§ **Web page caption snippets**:
■ ■ ■
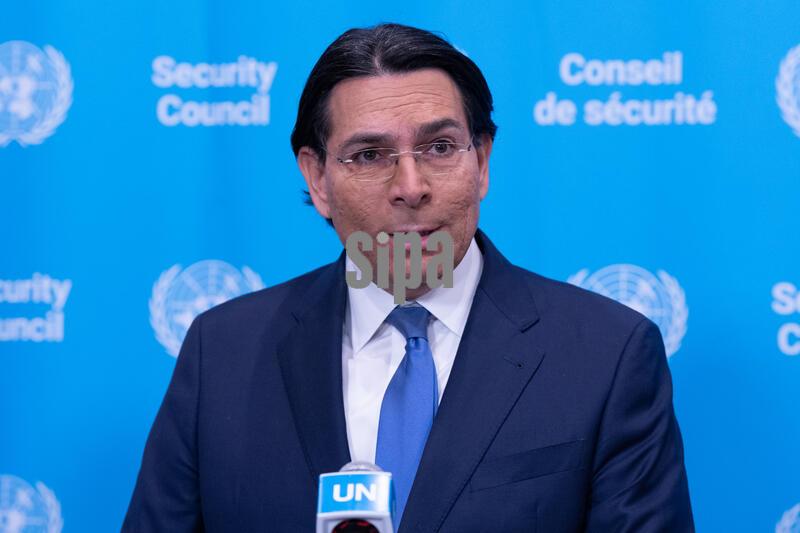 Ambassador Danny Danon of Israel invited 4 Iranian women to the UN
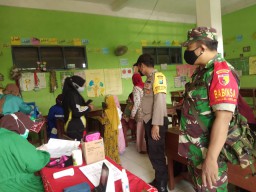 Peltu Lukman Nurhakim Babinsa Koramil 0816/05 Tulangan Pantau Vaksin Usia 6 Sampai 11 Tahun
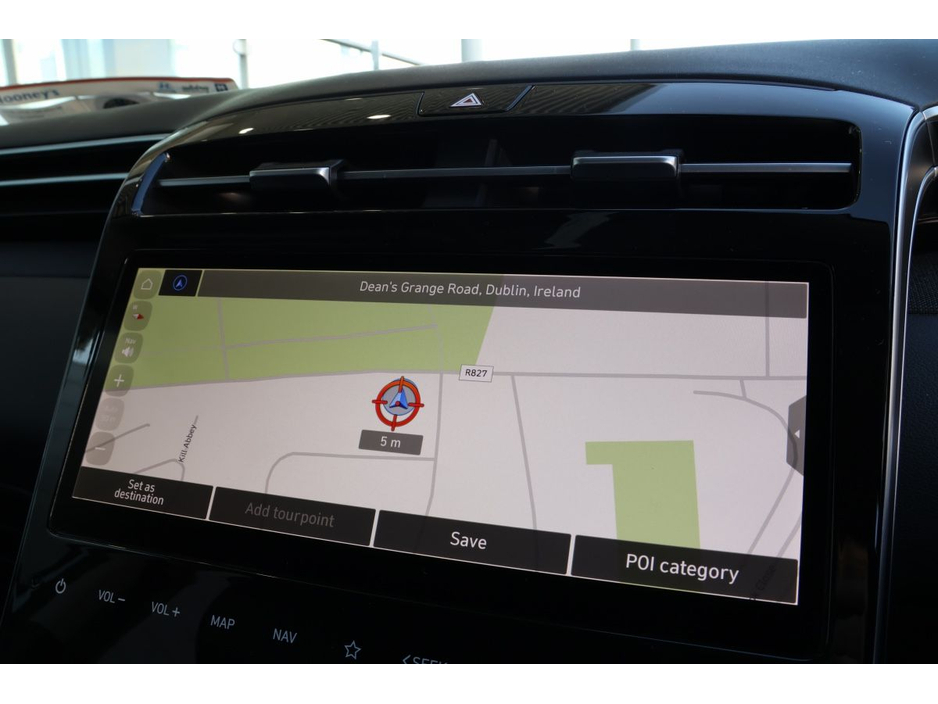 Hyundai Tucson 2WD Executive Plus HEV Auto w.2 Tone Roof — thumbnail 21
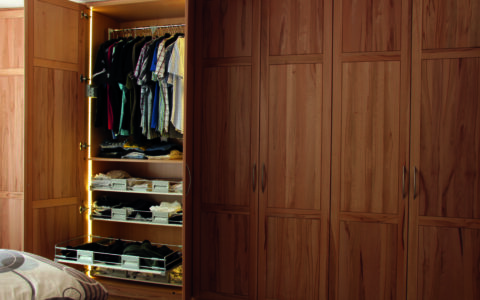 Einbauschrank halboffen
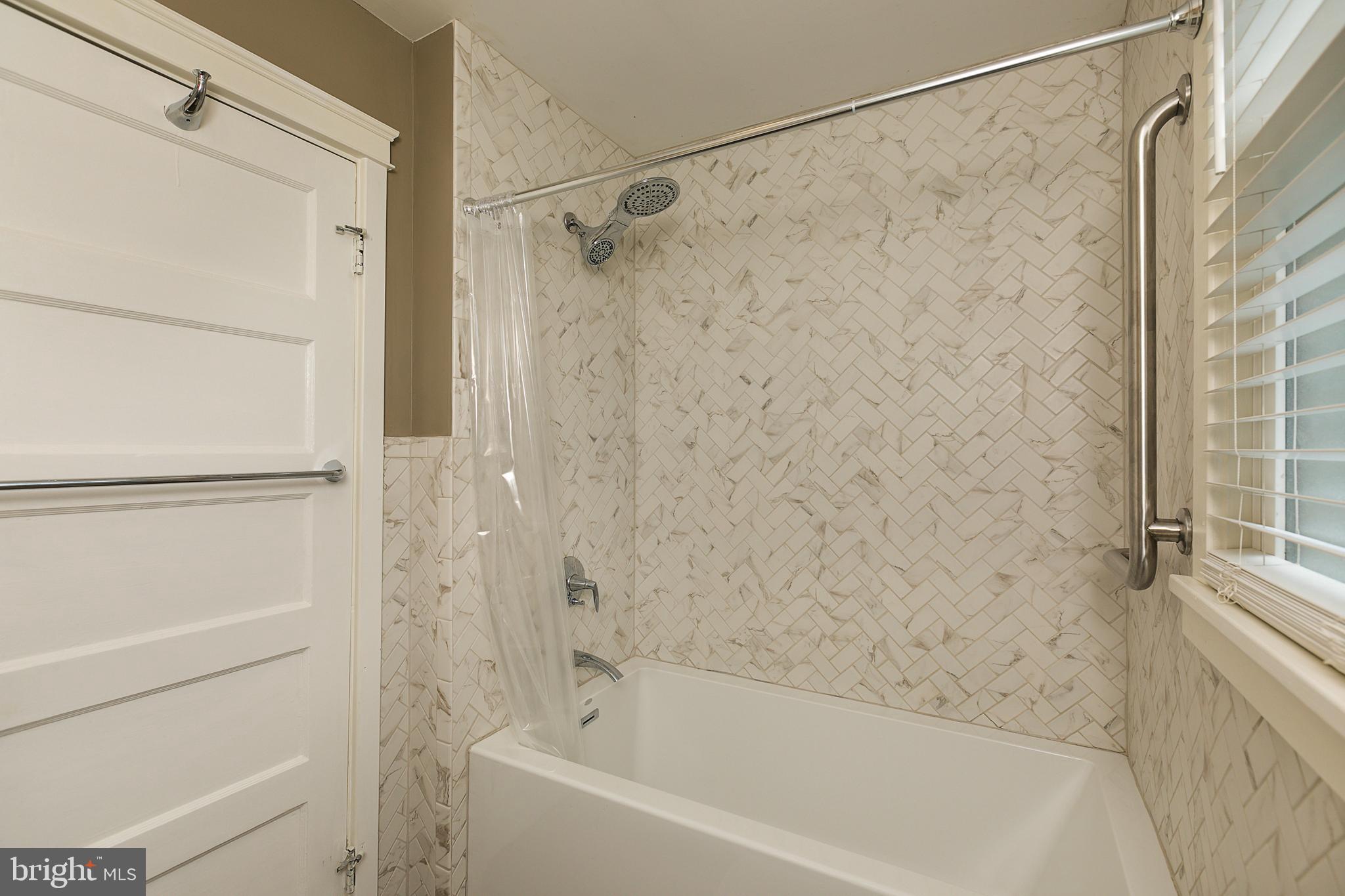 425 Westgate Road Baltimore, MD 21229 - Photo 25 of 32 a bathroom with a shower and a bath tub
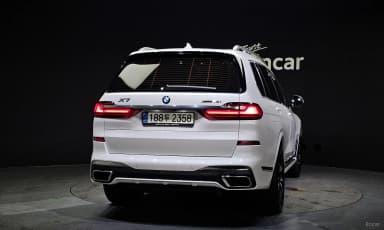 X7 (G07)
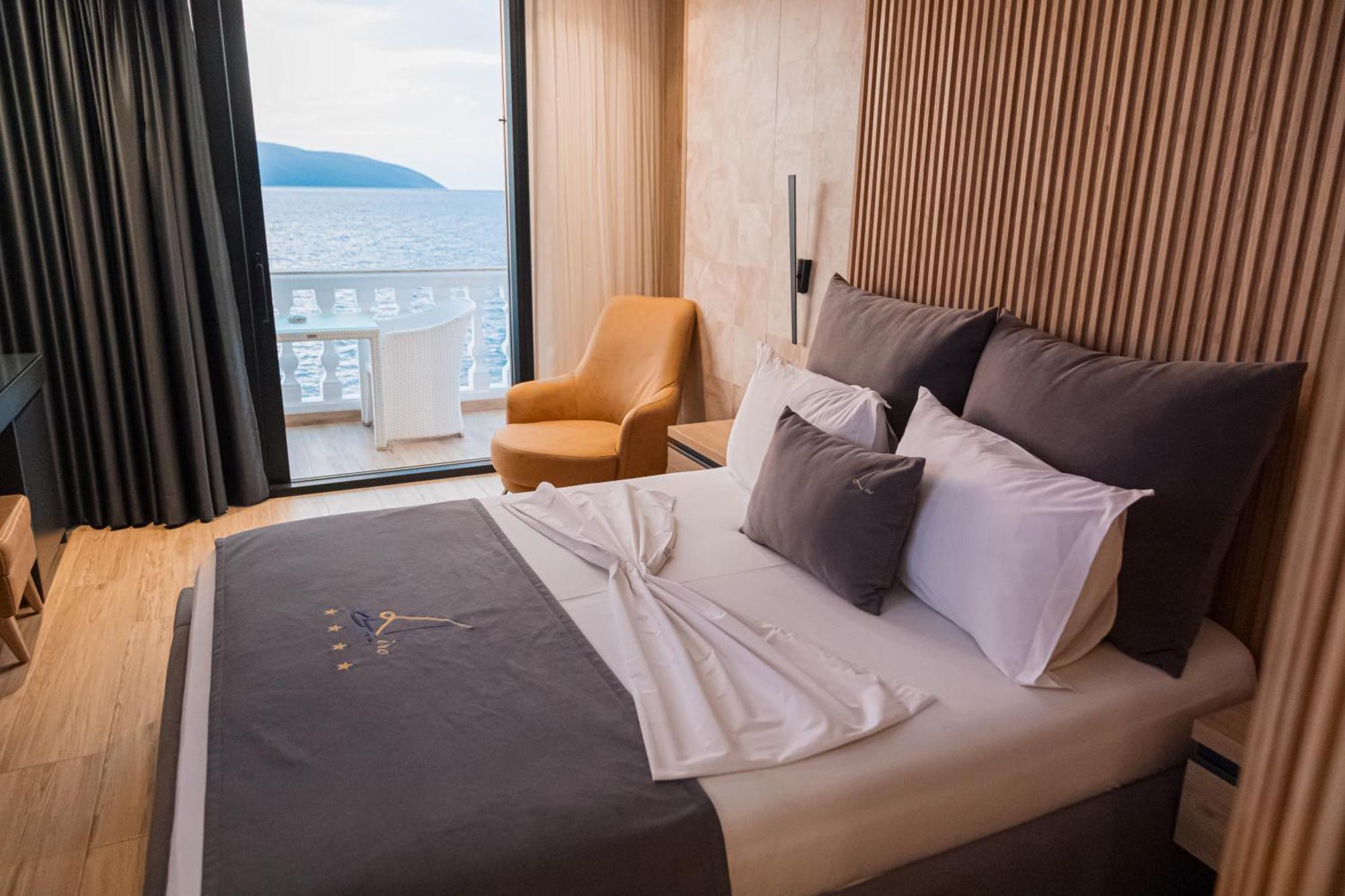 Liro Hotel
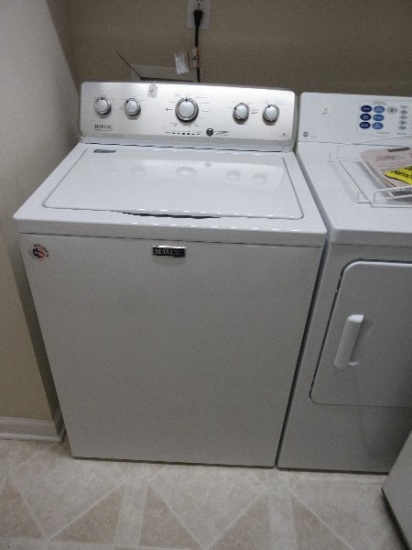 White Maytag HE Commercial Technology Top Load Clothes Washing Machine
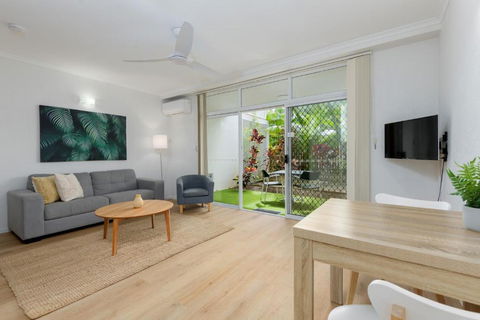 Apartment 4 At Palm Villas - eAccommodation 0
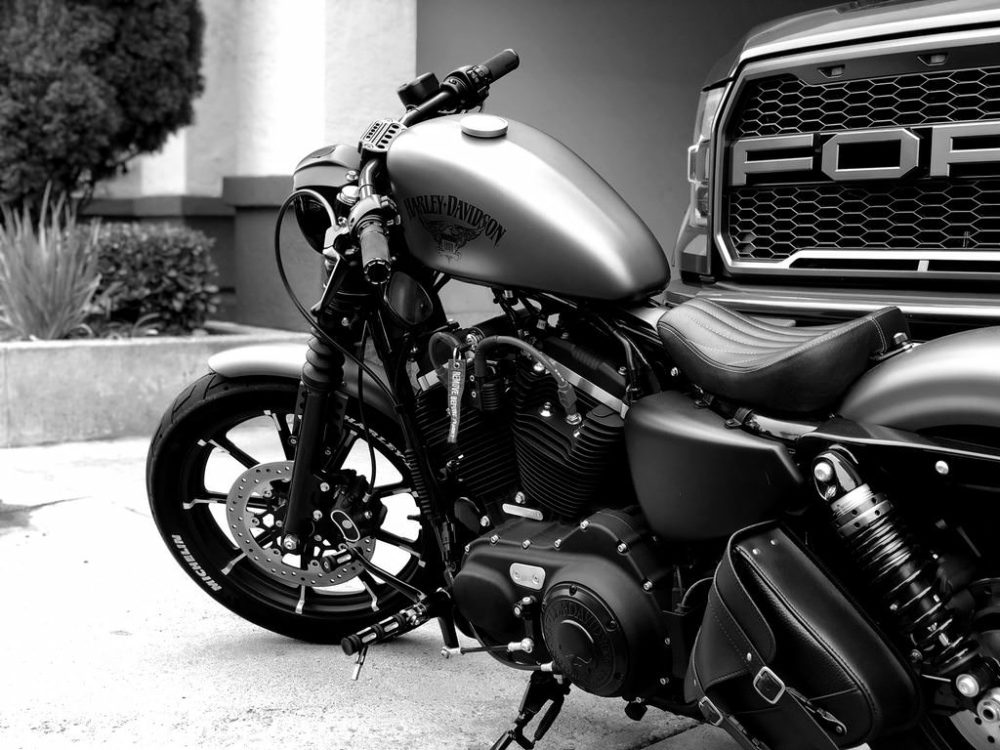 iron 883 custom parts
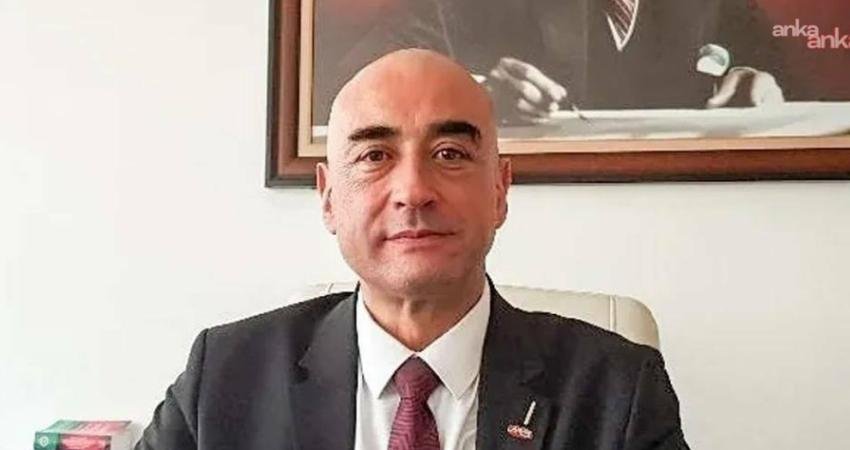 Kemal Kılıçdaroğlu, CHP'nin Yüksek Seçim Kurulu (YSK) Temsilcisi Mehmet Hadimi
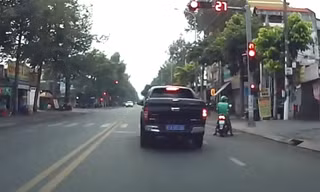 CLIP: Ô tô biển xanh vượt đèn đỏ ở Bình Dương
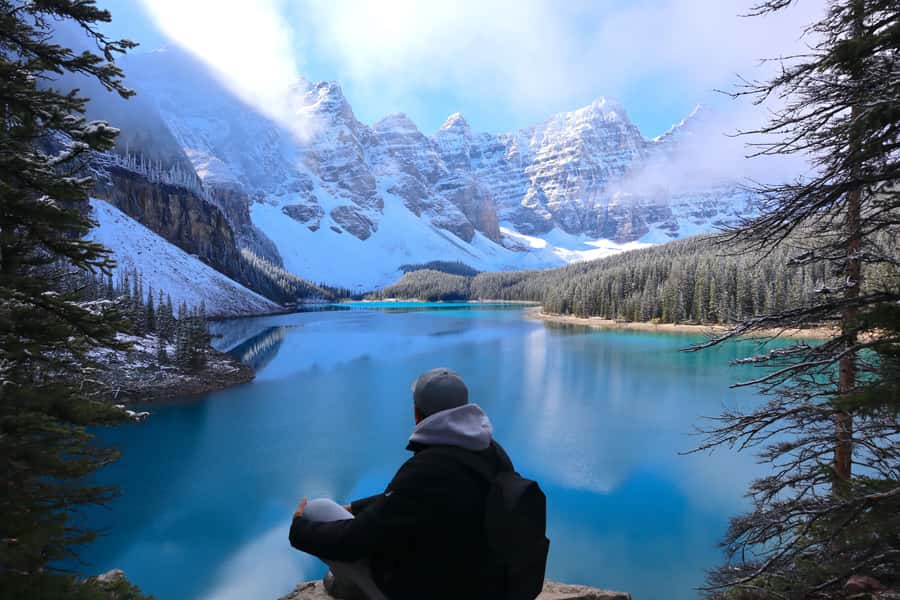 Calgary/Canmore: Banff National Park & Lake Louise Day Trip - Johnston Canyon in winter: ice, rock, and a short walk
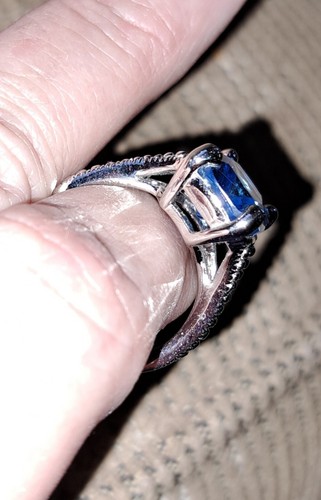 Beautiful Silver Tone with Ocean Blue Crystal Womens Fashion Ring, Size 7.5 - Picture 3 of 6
■ ■ ■
§ **Problem to work on**:
Omit the pictures. Output every record above word for word.

§ **Answer box**:
 Ambassador Danny Danon of Israel invited 4 Iranian women to the UN
 Peltu Lukman Nurhakim Babinsa Koramil 0816/05 Tulangan Pantau Vaksin Usia 6 Sampai 11 Tahun
 Hyundai Tucson 2WD Executive Plus HEV Auto w.2 Tone Roof — thumbnail 21
 Einbauschrank halboffen
 425 Westgate Road Baltimore, MD 21229 - Photo 25 of 32 a bathroom with a shower and a bath tub
 X7 (G07)
 Liro Hotel
 White Maytag HE Commercial Technology Top Load Clothes Washing Machine
 Apartment 4 At Palm Villas - eAccommodation 0
 iron 883 custom parts
 Kemal Kılıçdaroğlu, CHP'nin Yüksek Seçim Kurulu (YSK) Temsilcisi Mehmet Hadimi
 CLIP: Ô tô biển xanh vượt đèn đỏ ở Bình Dương
 Calgary/Canmore: Banff National Park & Lake Louise Day Trip - Johnston Canyon in winter: ice, rock, and a short walk
 Beautiful Silver Tone with Ocean Blue Crystal Womens Fashion Ring, Size 7.5 - Picture 3 of 6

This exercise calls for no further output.